- _TO DO_
Start at the line that contains "Photo of the". Repeat it and each line after it, exactly, up to and including the final line of the data.
(Beginning of STUDY MATERIAL)
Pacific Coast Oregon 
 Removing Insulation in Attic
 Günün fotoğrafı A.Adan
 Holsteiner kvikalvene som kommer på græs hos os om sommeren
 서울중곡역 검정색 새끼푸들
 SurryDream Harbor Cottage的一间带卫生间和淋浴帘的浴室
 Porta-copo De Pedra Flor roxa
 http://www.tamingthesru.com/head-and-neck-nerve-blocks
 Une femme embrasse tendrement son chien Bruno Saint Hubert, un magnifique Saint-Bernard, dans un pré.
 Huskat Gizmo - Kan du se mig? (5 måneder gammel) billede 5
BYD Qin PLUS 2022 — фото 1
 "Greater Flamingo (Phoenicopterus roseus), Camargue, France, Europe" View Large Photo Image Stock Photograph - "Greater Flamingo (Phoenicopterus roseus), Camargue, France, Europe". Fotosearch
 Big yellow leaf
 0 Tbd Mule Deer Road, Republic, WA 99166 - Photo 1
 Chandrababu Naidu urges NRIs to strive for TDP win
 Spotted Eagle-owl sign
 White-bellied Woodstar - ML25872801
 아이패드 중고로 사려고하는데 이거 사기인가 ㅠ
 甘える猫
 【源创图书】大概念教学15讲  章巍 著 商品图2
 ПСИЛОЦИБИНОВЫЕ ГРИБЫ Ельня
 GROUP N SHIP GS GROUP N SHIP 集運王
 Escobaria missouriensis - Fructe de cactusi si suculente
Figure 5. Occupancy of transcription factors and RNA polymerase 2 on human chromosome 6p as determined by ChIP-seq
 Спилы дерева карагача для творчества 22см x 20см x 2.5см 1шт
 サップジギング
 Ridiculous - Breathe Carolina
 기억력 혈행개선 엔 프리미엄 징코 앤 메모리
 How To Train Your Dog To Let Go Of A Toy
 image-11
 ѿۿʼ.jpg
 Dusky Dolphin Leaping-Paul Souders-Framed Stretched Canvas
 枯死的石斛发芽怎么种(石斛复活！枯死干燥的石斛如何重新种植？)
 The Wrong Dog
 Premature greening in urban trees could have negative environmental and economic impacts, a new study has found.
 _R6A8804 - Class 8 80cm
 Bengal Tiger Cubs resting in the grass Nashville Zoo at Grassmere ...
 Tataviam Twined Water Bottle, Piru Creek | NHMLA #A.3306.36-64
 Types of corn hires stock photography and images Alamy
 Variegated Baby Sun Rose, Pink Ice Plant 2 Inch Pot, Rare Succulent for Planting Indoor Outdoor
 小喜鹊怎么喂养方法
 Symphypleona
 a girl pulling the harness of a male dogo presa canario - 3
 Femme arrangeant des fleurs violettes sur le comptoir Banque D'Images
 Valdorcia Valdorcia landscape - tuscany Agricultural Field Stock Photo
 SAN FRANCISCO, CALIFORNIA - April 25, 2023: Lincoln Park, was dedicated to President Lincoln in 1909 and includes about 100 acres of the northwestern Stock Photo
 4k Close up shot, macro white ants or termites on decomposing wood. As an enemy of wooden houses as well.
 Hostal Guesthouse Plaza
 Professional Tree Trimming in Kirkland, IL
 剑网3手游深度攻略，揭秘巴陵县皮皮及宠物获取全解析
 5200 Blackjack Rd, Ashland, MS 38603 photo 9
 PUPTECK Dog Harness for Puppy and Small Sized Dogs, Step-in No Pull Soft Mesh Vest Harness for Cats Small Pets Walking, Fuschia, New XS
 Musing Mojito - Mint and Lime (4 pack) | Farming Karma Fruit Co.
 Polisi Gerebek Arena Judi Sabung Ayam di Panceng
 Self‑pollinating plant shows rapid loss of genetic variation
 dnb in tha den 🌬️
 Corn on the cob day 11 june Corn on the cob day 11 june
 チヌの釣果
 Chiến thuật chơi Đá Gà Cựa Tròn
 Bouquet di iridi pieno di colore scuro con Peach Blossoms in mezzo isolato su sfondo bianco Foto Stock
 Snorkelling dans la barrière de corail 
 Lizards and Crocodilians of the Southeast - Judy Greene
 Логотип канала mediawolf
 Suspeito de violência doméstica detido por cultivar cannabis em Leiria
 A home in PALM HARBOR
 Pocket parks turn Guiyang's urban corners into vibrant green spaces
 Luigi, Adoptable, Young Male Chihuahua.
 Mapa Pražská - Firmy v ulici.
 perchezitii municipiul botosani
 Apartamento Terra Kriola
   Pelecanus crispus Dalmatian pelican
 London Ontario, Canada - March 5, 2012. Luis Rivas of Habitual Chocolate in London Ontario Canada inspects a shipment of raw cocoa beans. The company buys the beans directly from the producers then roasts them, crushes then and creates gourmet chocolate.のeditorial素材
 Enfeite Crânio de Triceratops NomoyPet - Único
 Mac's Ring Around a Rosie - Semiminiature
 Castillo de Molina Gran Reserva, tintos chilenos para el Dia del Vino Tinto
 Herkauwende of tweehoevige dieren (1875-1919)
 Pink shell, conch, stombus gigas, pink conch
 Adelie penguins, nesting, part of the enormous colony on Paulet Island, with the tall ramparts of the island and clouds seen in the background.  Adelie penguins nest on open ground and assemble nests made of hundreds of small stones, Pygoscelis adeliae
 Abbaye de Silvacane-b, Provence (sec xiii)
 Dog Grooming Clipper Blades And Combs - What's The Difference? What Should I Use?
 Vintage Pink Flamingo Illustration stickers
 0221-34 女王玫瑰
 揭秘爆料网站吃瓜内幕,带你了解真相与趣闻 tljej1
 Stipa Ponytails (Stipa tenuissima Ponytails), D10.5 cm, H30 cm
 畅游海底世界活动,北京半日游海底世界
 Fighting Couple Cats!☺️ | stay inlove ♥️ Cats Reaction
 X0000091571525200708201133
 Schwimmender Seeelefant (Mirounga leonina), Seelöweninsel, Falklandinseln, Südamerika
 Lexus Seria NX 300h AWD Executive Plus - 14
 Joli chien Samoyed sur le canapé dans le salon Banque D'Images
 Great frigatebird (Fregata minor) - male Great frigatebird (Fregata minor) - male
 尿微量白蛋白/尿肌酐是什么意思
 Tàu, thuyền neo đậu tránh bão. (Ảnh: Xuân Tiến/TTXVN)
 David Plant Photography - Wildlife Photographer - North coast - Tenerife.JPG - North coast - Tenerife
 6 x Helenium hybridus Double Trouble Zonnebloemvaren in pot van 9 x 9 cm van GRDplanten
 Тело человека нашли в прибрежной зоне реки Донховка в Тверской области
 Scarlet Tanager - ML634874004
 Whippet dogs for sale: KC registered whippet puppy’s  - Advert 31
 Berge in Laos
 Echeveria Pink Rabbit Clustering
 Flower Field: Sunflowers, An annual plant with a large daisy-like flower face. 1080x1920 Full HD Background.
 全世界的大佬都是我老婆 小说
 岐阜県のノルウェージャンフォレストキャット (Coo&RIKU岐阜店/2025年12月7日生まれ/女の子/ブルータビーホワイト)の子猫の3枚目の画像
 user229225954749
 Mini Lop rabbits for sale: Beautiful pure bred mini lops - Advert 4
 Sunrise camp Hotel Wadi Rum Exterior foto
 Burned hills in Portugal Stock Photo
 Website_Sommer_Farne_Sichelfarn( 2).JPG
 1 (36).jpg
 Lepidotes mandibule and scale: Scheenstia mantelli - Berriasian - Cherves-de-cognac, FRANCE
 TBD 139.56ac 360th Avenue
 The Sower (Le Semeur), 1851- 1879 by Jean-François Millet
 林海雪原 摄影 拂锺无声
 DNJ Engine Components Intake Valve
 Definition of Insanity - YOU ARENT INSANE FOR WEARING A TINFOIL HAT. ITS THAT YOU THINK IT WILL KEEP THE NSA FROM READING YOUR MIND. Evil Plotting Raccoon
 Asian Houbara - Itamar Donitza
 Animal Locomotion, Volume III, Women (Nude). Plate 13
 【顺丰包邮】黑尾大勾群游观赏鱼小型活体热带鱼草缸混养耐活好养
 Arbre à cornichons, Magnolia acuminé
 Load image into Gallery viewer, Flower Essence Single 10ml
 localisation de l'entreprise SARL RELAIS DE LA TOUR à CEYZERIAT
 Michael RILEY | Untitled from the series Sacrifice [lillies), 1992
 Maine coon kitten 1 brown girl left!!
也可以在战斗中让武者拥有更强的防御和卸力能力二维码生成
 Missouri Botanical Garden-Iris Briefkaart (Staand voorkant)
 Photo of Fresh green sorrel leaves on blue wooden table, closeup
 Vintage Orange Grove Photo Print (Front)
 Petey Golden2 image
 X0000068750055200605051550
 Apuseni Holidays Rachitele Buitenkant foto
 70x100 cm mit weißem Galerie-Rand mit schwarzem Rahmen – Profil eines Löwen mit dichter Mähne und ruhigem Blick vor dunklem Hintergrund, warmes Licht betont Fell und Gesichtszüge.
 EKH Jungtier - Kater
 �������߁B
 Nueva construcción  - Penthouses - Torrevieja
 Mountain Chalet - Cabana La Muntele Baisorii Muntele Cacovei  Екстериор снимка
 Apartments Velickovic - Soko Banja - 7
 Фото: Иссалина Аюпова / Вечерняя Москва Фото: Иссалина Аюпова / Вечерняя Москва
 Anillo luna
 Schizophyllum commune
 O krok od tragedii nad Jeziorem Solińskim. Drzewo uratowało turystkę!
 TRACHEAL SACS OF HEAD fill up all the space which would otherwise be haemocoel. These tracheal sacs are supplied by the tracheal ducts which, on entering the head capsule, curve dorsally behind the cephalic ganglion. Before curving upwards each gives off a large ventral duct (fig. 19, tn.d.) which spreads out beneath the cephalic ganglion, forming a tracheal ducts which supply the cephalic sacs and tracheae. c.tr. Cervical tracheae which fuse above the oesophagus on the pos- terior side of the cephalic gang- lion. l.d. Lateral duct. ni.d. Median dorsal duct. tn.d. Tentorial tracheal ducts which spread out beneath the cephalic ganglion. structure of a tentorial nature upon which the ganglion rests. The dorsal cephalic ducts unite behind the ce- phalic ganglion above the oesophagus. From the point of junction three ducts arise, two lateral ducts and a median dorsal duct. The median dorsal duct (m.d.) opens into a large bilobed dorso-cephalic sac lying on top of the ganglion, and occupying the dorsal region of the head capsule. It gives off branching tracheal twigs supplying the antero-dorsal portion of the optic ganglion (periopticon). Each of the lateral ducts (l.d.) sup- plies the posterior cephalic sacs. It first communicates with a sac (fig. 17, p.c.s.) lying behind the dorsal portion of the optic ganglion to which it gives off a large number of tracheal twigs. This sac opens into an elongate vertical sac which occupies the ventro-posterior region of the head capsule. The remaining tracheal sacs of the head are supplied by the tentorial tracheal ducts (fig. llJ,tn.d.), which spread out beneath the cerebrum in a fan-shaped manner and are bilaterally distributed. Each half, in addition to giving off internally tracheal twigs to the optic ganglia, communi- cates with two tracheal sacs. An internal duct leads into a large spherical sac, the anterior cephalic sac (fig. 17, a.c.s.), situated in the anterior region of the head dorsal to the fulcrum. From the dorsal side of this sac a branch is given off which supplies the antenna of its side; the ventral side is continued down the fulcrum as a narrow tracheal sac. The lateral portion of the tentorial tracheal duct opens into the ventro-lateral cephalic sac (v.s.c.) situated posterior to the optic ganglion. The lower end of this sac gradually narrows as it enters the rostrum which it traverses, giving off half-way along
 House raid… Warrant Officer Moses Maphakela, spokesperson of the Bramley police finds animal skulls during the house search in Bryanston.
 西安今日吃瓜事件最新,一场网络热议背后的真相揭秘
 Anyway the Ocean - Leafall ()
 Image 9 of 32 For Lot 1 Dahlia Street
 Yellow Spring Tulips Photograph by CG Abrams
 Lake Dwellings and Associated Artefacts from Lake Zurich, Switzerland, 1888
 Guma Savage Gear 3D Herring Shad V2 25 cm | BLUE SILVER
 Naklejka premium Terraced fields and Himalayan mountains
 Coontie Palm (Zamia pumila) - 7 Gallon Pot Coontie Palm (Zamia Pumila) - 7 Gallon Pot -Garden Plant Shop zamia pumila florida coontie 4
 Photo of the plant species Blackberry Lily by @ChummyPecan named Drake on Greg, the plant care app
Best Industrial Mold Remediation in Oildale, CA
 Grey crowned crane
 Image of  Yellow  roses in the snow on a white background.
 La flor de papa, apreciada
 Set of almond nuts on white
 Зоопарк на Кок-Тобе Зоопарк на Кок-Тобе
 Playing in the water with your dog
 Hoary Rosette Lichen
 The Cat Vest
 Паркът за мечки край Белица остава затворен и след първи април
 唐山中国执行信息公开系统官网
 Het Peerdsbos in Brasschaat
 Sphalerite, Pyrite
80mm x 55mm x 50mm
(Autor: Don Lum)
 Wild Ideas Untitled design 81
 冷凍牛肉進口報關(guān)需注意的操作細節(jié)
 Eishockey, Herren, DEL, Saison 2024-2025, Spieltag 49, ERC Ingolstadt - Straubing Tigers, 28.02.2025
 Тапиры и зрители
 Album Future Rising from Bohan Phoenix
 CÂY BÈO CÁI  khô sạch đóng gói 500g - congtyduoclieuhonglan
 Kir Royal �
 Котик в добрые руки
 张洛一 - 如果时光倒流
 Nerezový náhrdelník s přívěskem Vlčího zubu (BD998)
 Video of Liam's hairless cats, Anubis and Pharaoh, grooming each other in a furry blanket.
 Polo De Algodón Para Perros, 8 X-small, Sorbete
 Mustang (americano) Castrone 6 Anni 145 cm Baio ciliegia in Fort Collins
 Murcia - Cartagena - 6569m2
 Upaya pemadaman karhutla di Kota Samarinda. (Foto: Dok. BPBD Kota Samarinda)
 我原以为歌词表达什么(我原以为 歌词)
(End of STUDY MATERIAL)
- _TASK ANSWER_
 Photo of the plant species Blackberry Lily by @ChummyPecan named Drake on Greg, the plant care app
Best Industrial Mold Remediation in Oildale, CA
 Grey crowned crane
 Image of  Yellow  roses in the snow on a white background.
 La flor de papa, apreciada
 Set of almond nuts on white
 Зоопарк на Кок-Тобе Зоопарк на Кок-Тобе
 Playing in the water with your dog
 Hoary Rosette Lichen
 The Cat Vest
 Паркът за мечки край Белица остава затворен и след първи април
 唐山中国执行信息公开系统官网
 Het Peerdsbos in Brasschaat
 Sphalerite, Pyrite
80mm x 55mm x 50mm
(Autor: Don Lum)
 Wild Ideas Untitled design 81
 冷凍牛肉進口報關(guān)需注意的操作細節(jié)
 Eishockey, Herren, DEL, Saison 2024-2025, Spieltag 49, ERC Ingolstadt - Straubing Tigers, 28.02.2025
 Тапиры и зрители
 Album Future Rising from Bohan Phoenix
 CÂY BÈO CÁI  khô sạch đóng gói 500g - congtyduoclieuhonglan
 Kir Royal �
 Котик в добрые руки
 张洛一 - 如果时光倒流
 Nerezový náhrdelník s přívěskem Vlčího zubu (BD998)
 Video of Liam's hairless cats, Anubis and Pharaoh, grooming each other in a furry blanket.
 Polo De Algodón Para Perros, 8 X-small, Sorbete
 Mustang (americano) Castrone 6 Anni 145 cm Baio ciliegia in Fort Collins
 Murcia - Cartagena - 6569m2
 Upaya pemadaman karhutla di Kota Samarinda. (Foto: Dok. BPBD Kota Samarinda)
 我原以为歌词表达什么(我原以为 歌词)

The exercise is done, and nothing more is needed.